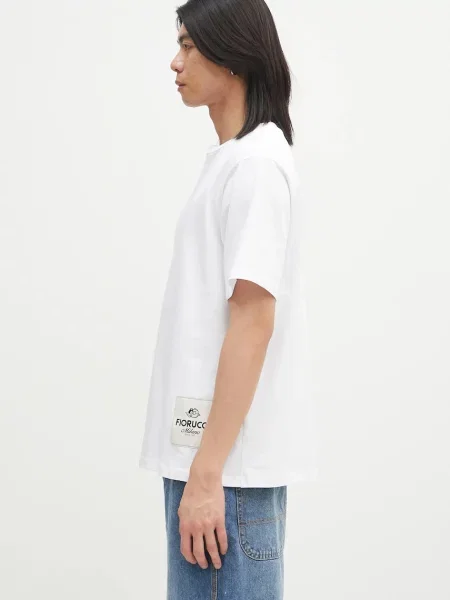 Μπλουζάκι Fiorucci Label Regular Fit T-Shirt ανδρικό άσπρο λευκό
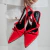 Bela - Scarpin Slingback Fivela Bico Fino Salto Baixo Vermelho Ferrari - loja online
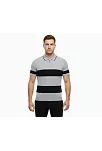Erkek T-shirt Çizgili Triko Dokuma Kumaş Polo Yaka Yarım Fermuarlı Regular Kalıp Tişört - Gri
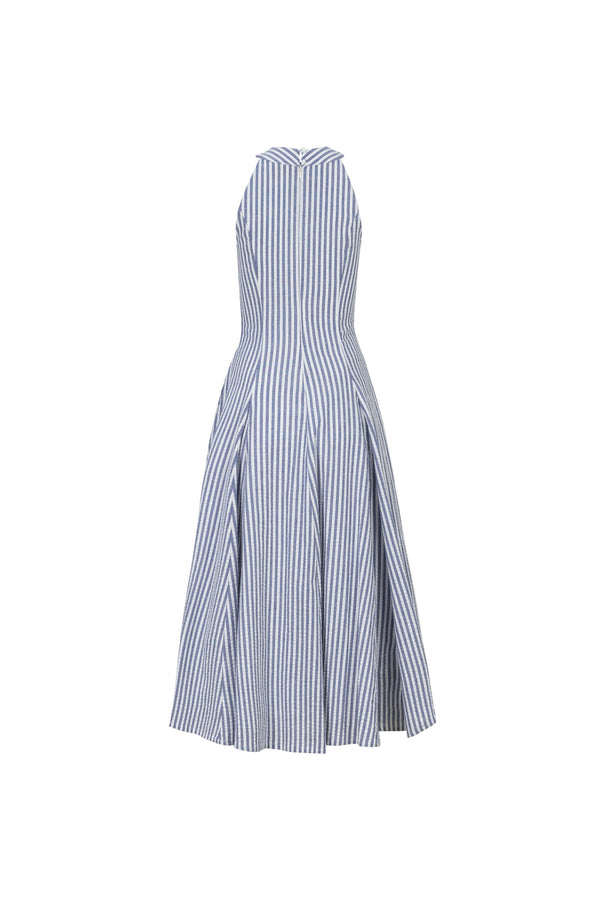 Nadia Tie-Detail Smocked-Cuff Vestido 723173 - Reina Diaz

→ What you need to do
The expected output is the run of lines from the one containing "Bela - Scarpin" to the last line of the listing above, both included, word for word and free of pictures.

→ Answer box
 Bela - Scarpin Slingback Fivela Bico Fino Salto Baixo Vermelho Ferrari - loja online
Erkek T-shirt Çizgili Triko Dokuma Kumaş Polo Yaka Yarım Fermuarlı Regular Kalıp Tişört - Gri
 Nadia Tie-Detail Smocked-Cuff Vestido 723173 - Reina Diaz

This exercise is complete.